**TASK DETAILS**. Reproduce, unchanged, the lines between the one holding "Camping on the" and the last line of the records, including both ends, but no pictures.

**INPUT DATA**.
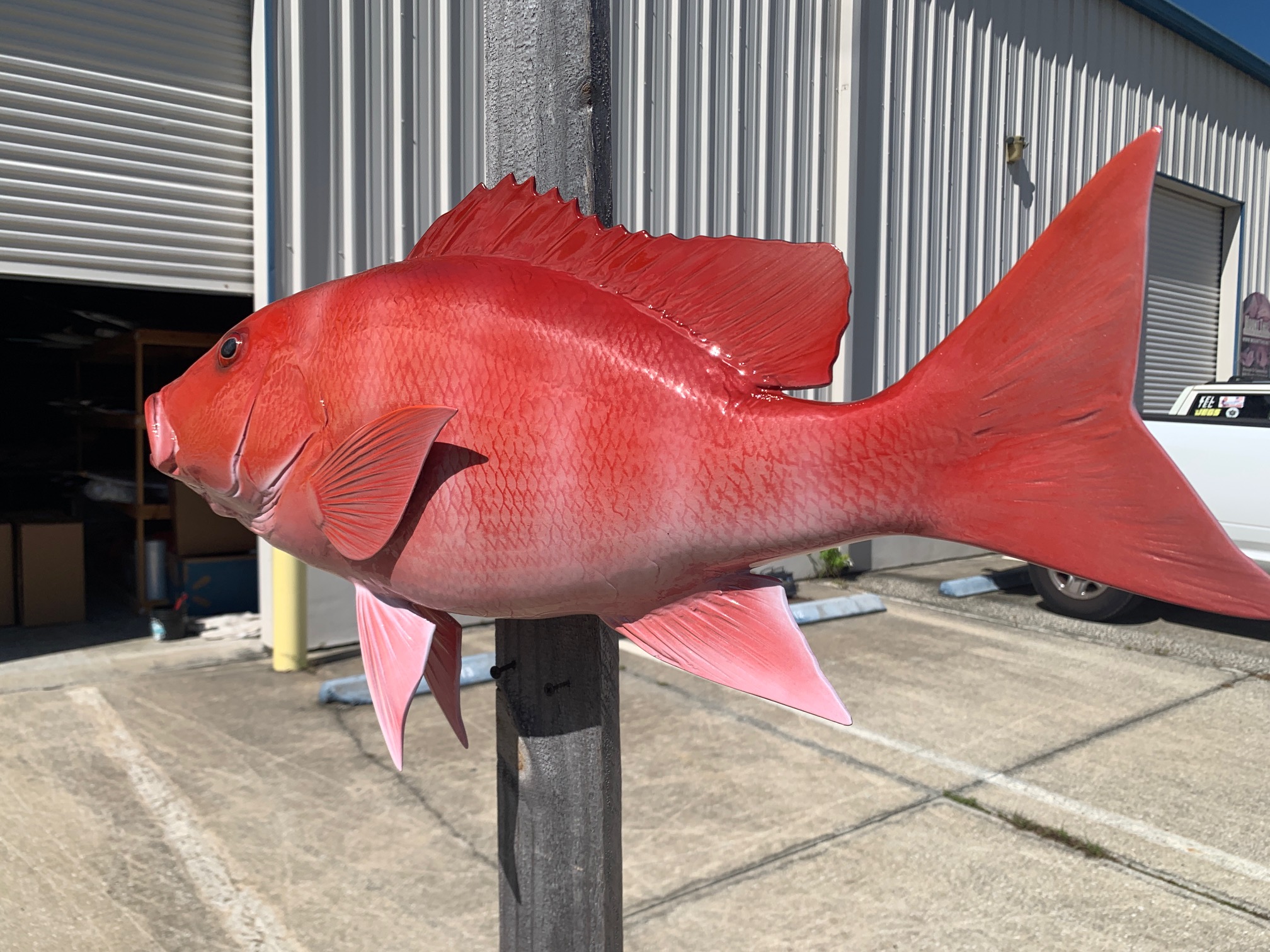 36-inch Red Snapper - Fish Mounts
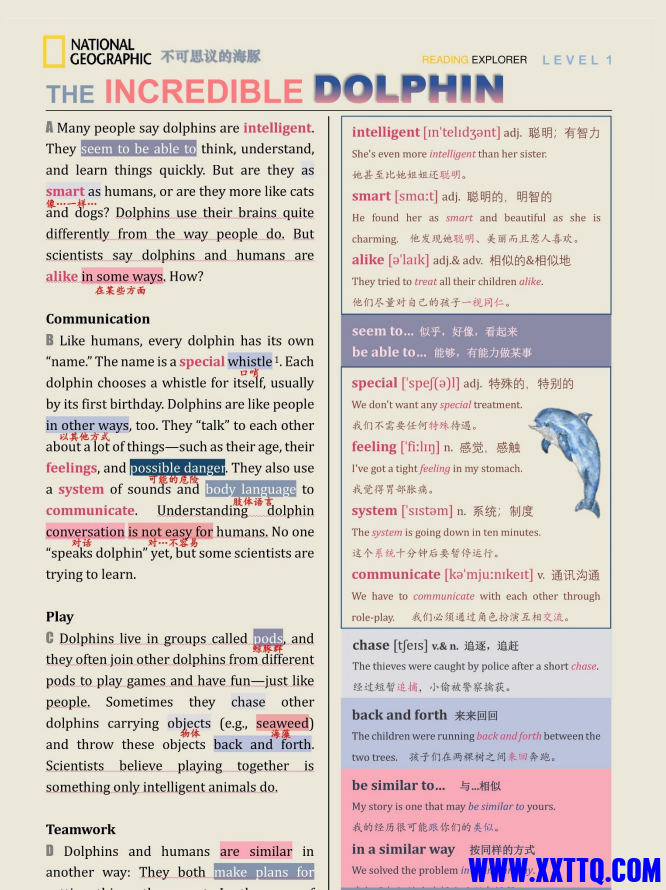 c3e564c7-6c8c-43fe-9fa6-69c23f5774e9.png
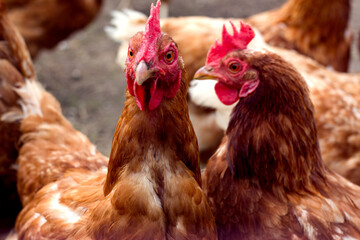 Two curious brown chickens with red combs stand out among a flock in a coop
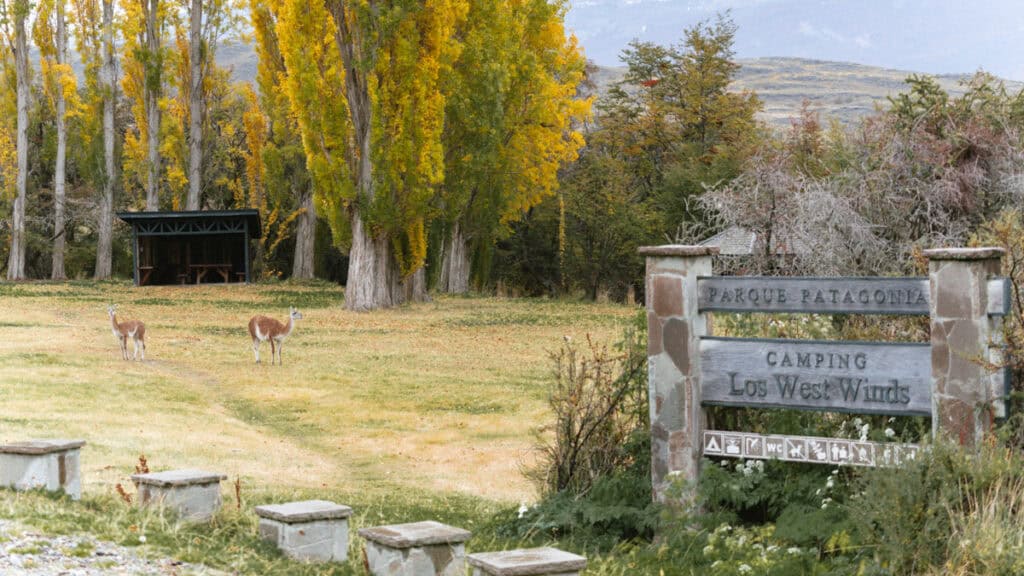 Camping on the Carretera Austral, Chile: Our Tips & Tricks 14 Two guanacos graze near a picnic shelter among tall golden trees, beside a stone sign that reads "Camping Los West Winds" with nature-themed icons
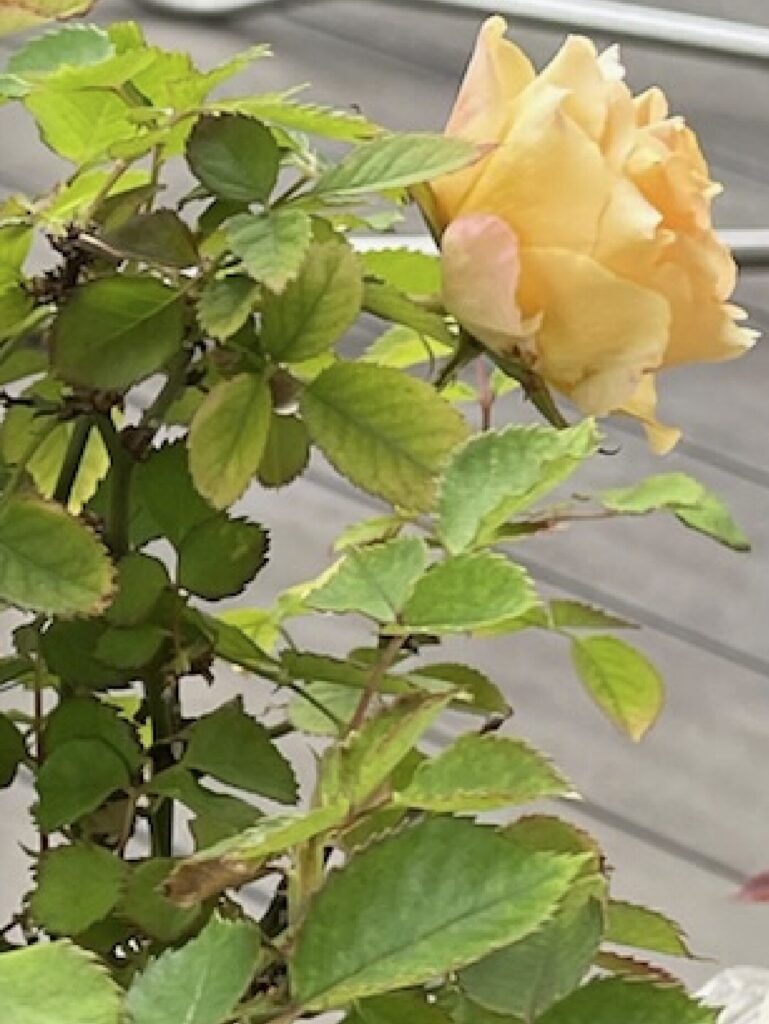 オレンジ色の薔薇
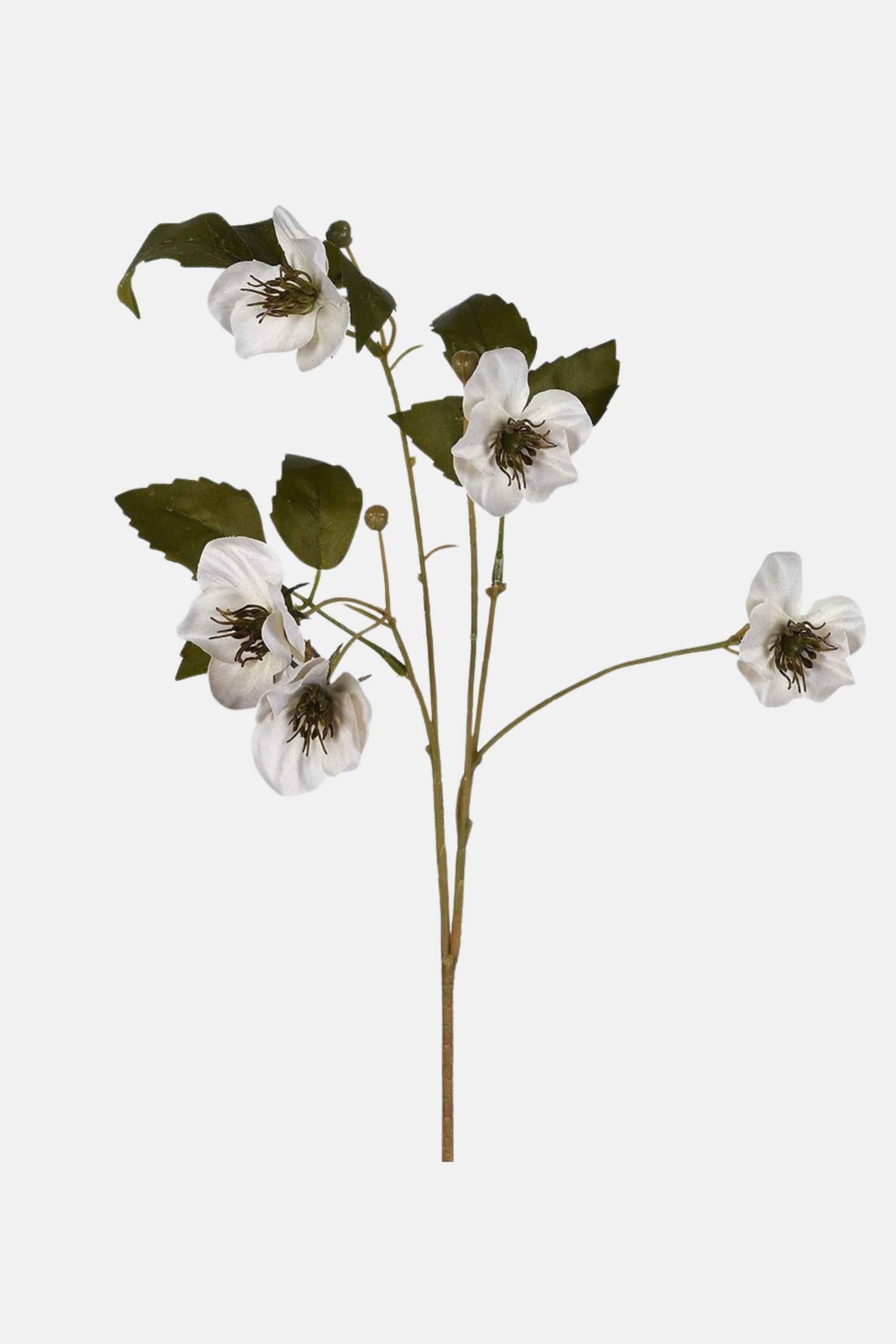 Cream Hellebore Stem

**SOLUTION**.
 Camping on the Carretera Austral, Chile: Our Tips & Tricks 14 Two guanacos graze near a picnic shelter among tall golden trees, beside a stone sign that reads "Camping Los West Winds" with nature-themed icons
 オレンジ色の薔薇
 Cream Hellebore Stem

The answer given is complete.